--- EXERCISE OBJECTIVE ---
Set down the lines below, exactly, starting at the one that contains "Runway Elegant Formal" and stopping at the last line, inclusive. Omit pictures.

··· THE DATA

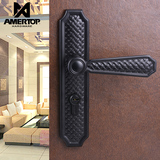 美拓门锁室内卧室房门房间门锁美式简易通用型纯铜欧式仿古锁黑色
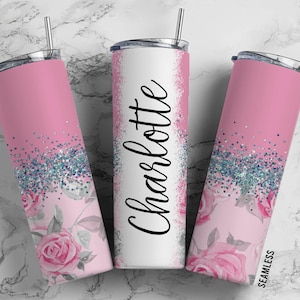 Pink Rose FLower 20oz Sublimation Tumbler Designs, Floral Silver Glitter Split 9.2 x 8.3” Straight Skinny Tumbler Wrap PNG 129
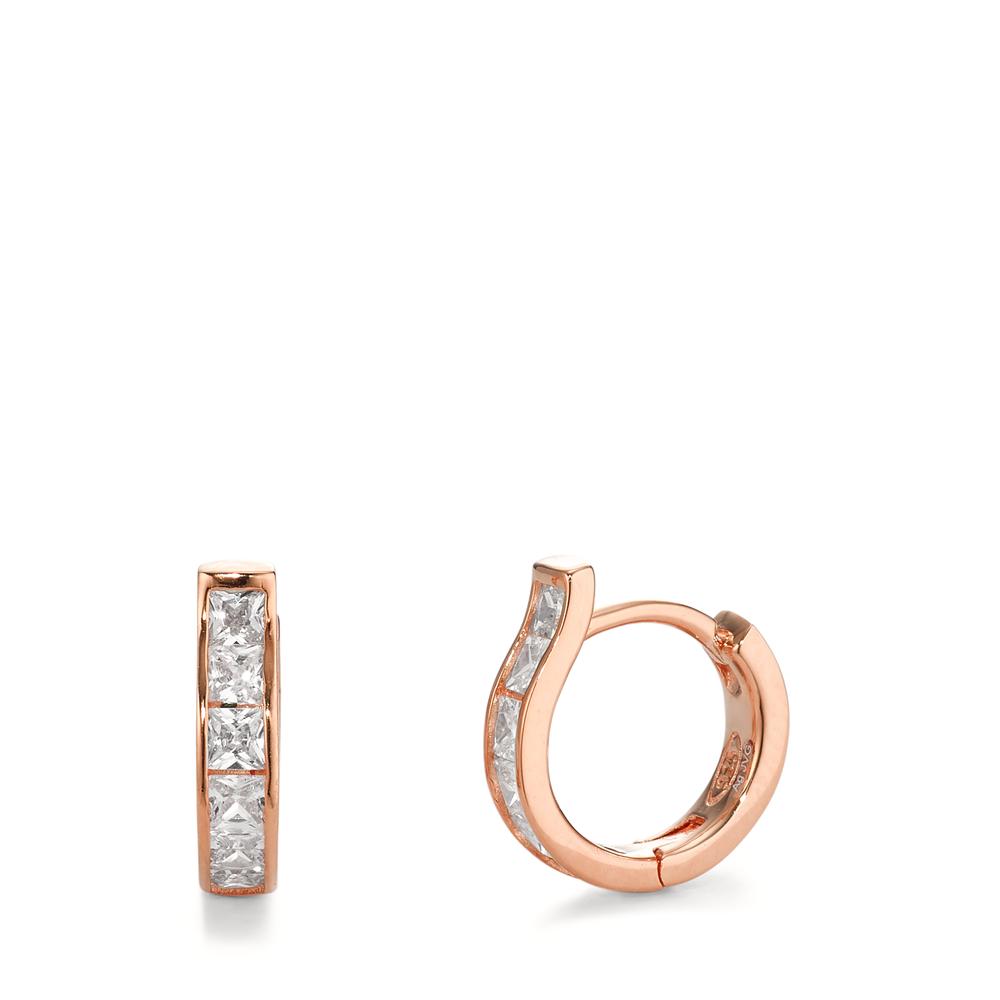 Hinged hoop Silver Zirconia 12 Stones Rose Gold plated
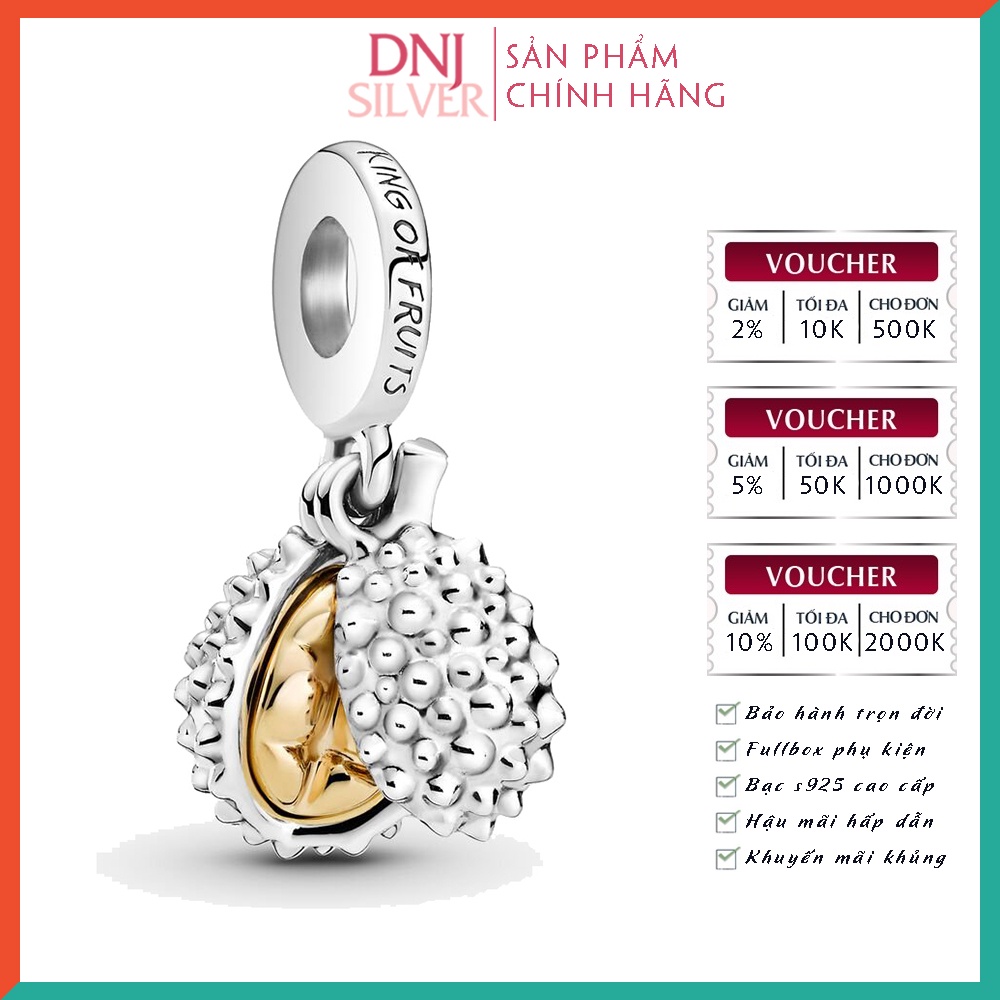 Charm bạc 925 cao cấp, hàng chuẩn bạc - Charm Durian Fruit thích hợp để mix vòng tay charm - DN005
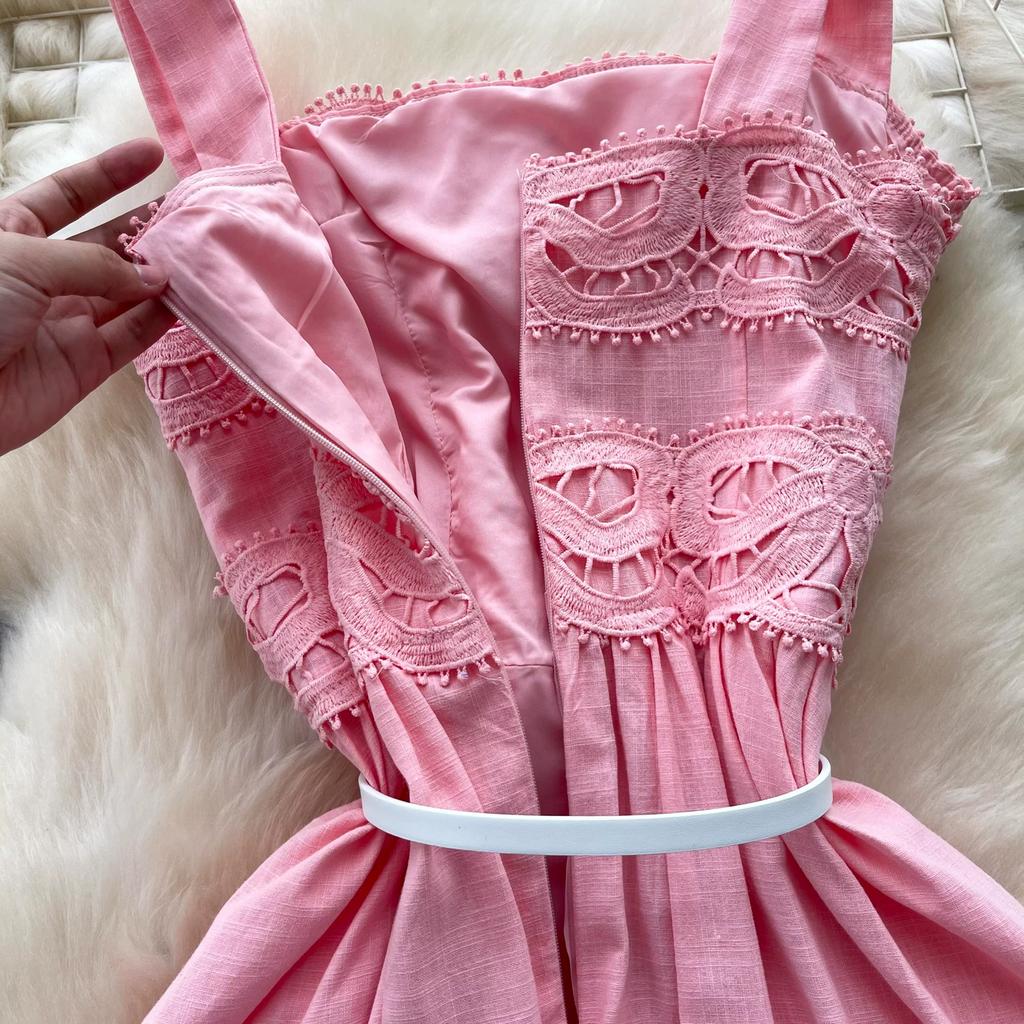 Runway Elegant Formal Luxury Evening Dresses Women Summer Embroidery Lace Short Dress Female Hollow Out Crochet Short Dress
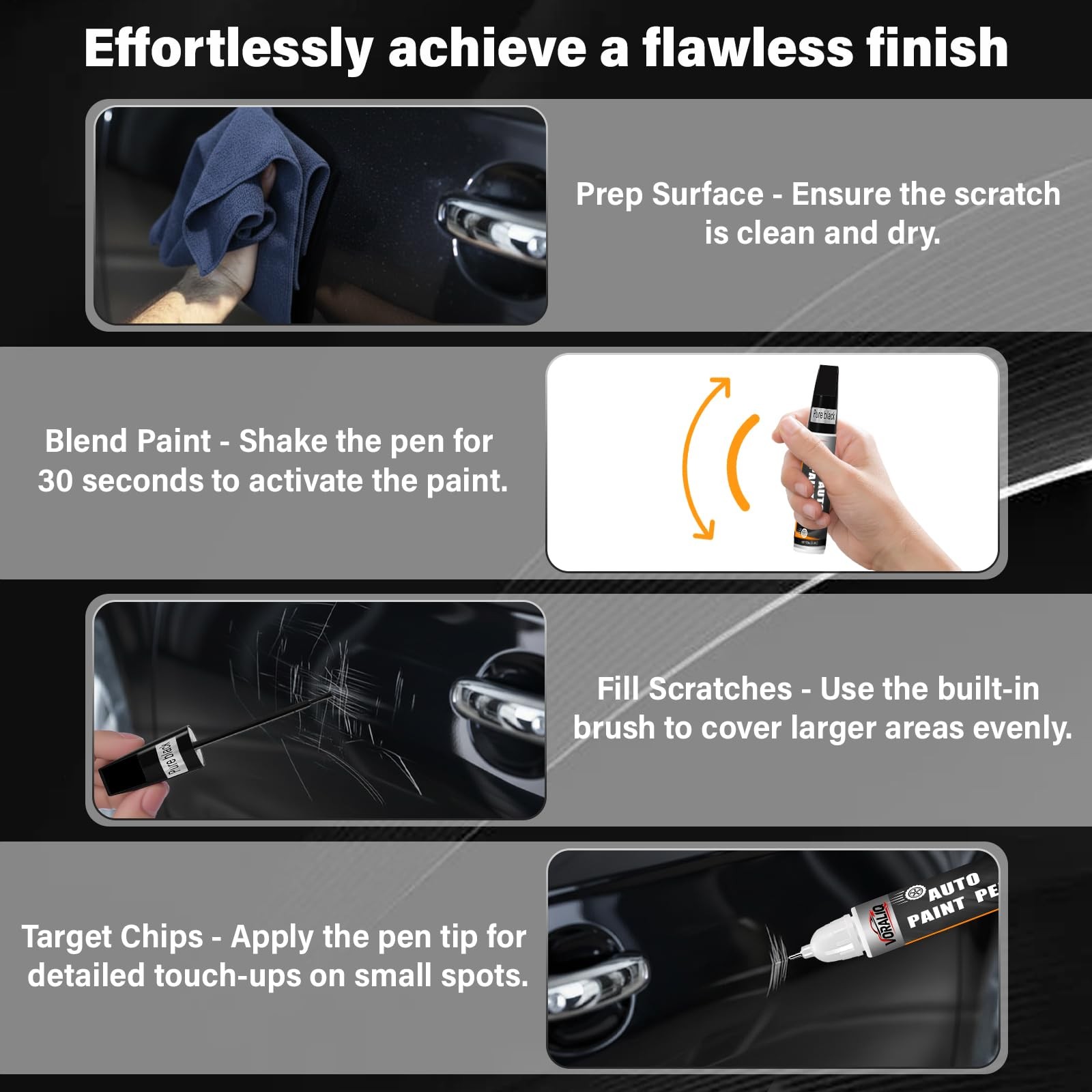 Touch Up Paint for Cars, 3-Pack – Black Car 0.4 Fl Oz (Pack of 3), Pure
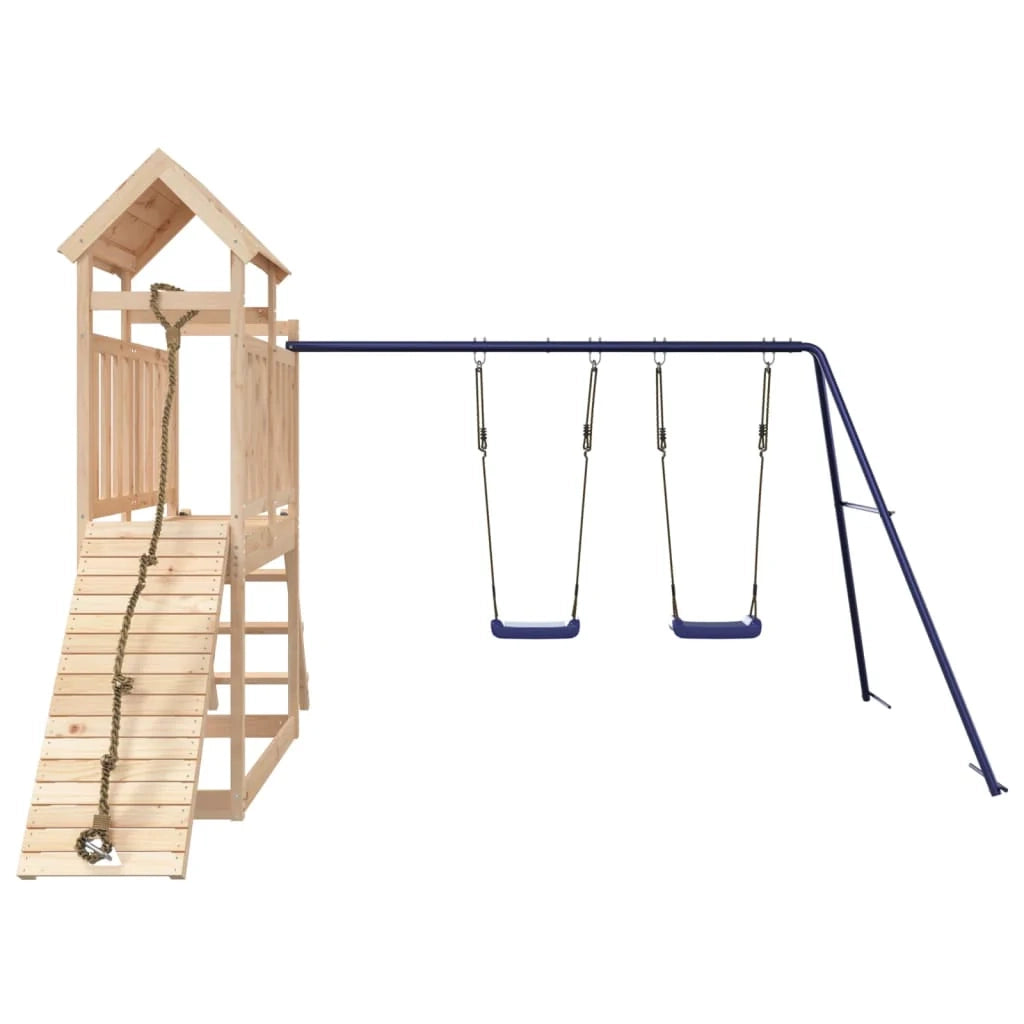 Altalene per parco giochi all'aperto scivolo altalene robuste giochi da giardino 313 x 248 x 214 cm legno di pino massiccio 02_0004816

······

--- RESULT OF THE TASK ---
 Runway Elegant Formal Luxury Evening Dresses Women Summer Embroidery Lace Short Dress Female Hollow Out Crochet Short Dress
 Touch Up Paint for Cars, 3-Pack – Black Car 0.4 Fl Oz (Pack of 3), Pure
 Altalene per parco giochi all'aperto scivolo altalene robuste giochi da giardino 313 x 248 x 214 cm legno di pino massiccio 02_0004816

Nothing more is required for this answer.